Science itself is no integral thought

Integral Esotericism: A new Integral paradigm in theory and practice Part One: Introduction Alan Kazlev integralworld # integraltransformation
I think his followers are right when they say he is the most important living integral thinker. Not the most profound mind you (that honour would probably belong to William Irwin Thompson). But the most influential. Wilber is without doubt the most influential and charismatic New Age intellectual around. In this sense at least, "Integral does equal Ken"[7]...
But this larger and more universal understanding simply cannot happen if one is still at the level of the partial perspectives. And here, I argue, is where Wilber fails in his attempt to assimilate science and scientific, empirical method. In this he is not alone.
J. B. Rhine's founding Parapsychology on statistical results, Reichian attempts to prove orgone theory in materialistic scientism-based terms, and Wilber's attempt to present a new version of postmodernism that incorporates spiritual experiences, worthy in intention as they may all be, cannot succeed, because the realities they are addressing are realities that go beyond the academic secular world. But it is not enough to try to re-explain or reinterpret things on the level of that particular academic discourse. That only gives a partial picture, not an integral picture.
The same goes for Marxist attempts to justify Marxist-Leninist socio-economic theory as science, and - in the esoteric field, statements by Steiner and the Theosophist Leadbeater, that what they are saying is science, or the occultist Aleister Crowley's assertion that one day scientists will be able to replicate in the laboratory what he can only achieve through ritualistic means. More recently in the field of the New Age there are many teachings and worldviews that consider themselves scientific, or more often in harmony with science, especially with quantum physics. This New Age concept of the complementarity between science and mysticism[31] goes back to Fritjof Capra's famous book The Tao of Physics. An earlier, more lucid, Wilber correctly criticised Capra and the New Age on this[32], although ironically with his current "post-metaphysical" thought (see sect.1-v) he has fallen into exactly the same scientism-based holistic worldview that befell Capra.
All of these attempts to appropriate science are based on a misunderstanding of what science is about, how science works, and what science can do. I will state outright here that science, real science, should be the foundation and bedrock on which any integral paradigm or metaparadigm is built. But science, and scientific method, is not only a central element to any integral understanding of reality, and also that aspect of any integral synthesis that is the most misunderstood. Science itself is in no way the same as integral thought and integral practice, even if it is neveretheless an essential element.

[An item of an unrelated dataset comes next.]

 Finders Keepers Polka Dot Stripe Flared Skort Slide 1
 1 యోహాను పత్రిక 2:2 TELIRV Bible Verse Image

The most important thing to understand is this: science makes no statement either for or against metaphysical realities. Science is not a religious or philosophical statement as to the nature of things, but a form of empirical methodology which enables the progressive accumulation of facts regarding the material universe, and the discarding of hypotheses that are refuted or falsified by newer facts. Although the various hypotheses, theories, and theorems that constitute science's understanding of the world, are being constantly refined, developed, and replaced with new theories and theorems and methodologies (this being what historian of science Thomas Kuhn referred to as "paradigm shifts"), there is never a final explanation, never a dogmatic statement, and never a claim made regarding things that are beyond the scope of science's methodology. It is this precision, and this self-limitation and modesty, that distinguishes science from pseudoscience, from scientism (which the belief that the current findings of science constitute an actual description of how things are), and from religion.

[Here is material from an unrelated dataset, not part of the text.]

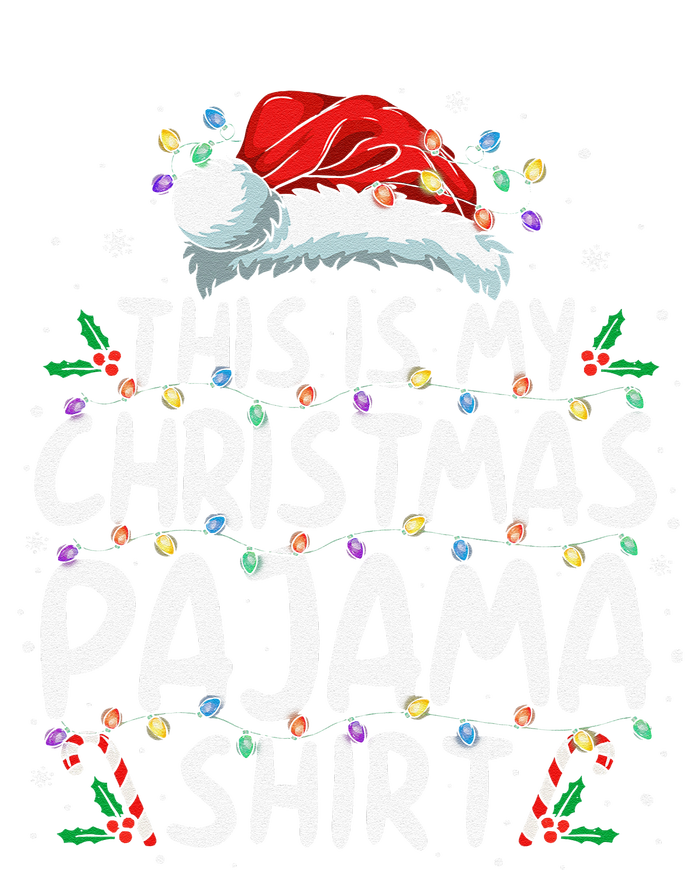 This Is My Christmas Pajama Funny Xmas Pjs Gift V-Neck T-Shirt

In short - science is a methodology, and a body of facts and hypotheses gathered through that methodology. It is not a philosophical statement about the nature of reality. The misunderstanding of actual science is so widespread that I tend to think now that perhaps it is easier for someone to be an esotericist that to understand science (as opposed to scientism). Scientism, physicalism, scepticism, atheism, materialism, naturalism - all of those philosophies and beliefs claim to be scientific, but they are just secular religions that have misinterpreted science.

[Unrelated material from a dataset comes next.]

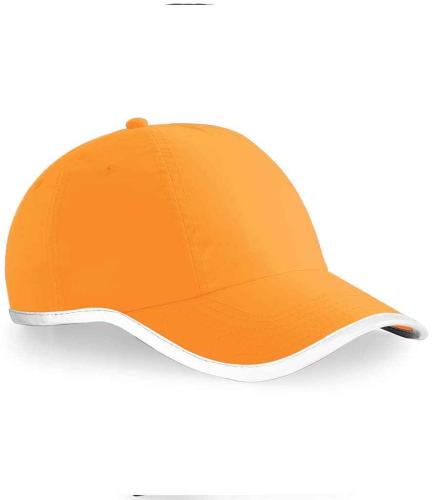 Beechfield Enhanced-Viz Cap - Fl. orange - ONE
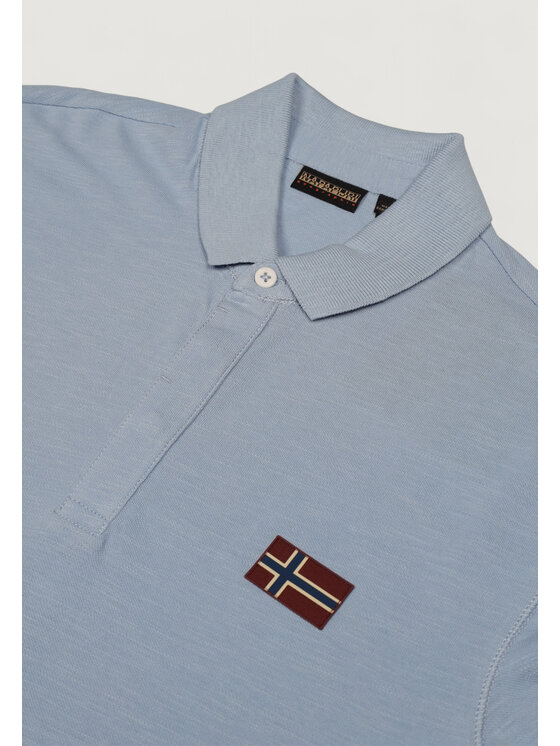 Napapijri Napapijri Polo EBEA 2 Niebieski Casual Fit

The problem comes about, then, when esoteric, New Age, and integral thinkers attempt to use science, without understanding how science works. I contend that one reason the new age movement, and people like Wilber, are in a mess as far as their theoretical explanations go, is because they simply don't understand science, and instead adopt the religious belief of scientism. The same could said about such a seminal worker as William Reich, whose experiments were criticised by Einstein. This is not to say that things like Orgone are not real, only that they are not real on the material-physical level that science works.